By COLIN STAUB
During an in-person union election at door maker Pacific Architectural Wood Products on Oct. 26, workers voted 21 to 17 to remain non-union.
Union supporters in September had asked the National Labor Relations Board (NLRB) to hold an election on joining Millworkers United, a new union affiliated with the Portland Industrial Workers of the World (IWW).
Workers said the job pays too little, raises are unpredictable and equipment is outdated. There were scheduling concerns: The last week of October, workers arrived to find they were scheduled for a 50-hour work week with no notice.

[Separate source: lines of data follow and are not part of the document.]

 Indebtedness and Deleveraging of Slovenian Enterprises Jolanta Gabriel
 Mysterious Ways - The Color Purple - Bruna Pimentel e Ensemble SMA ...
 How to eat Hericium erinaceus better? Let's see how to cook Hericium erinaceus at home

Management ran a standard anti-union campaign, attaching scare-tactic literature to workers’ paychecks, and holding weekly meetings to share anti-union talking points. Managers told workers the company’s “special culture” would be damaged by an outside entity like a union. The company retained management-side law firm Bullard Law, which has an anti-union reputation (a group of nine state lawmakers early this year described Bullard Law as “one of the most notorious anti-labor law firms in the state” when behavioral health nonprofit Lines For Life retained the firm).

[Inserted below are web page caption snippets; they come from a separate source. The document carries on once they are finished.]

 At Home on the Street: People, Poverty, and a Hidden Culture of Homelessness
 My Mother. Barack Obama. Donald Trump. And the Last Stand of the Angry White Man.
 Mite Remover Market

In a statement to the Labor Press, Millworkers United representative Alex Amen said the loss was a setback for the union.

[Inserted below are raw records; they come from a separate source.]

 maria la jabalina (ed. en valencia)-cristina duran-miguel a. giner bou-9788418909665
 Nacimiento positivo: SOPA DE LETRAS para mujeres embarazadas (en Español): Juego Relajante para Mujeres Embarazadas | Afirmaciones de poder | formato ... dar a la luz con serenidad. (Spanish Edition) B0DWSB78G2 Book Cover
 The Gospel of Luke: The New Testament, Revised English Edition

“We are continuing to organize at Pacific Architectural Wood Products, and although we cannot petition for another election for a year, we still have other avenues of approach toward making our workplace safe,” Amen wrote. “A lot of work has gone into creating Millworkers United, and we are very proud of what we have accomplished so far. Moving forward we are focused on tactical efforts to reach out to more of our coworkers, having more conversations about safety and wages, and creating a long-term strategy to win recognition and to win at the negotiating table.”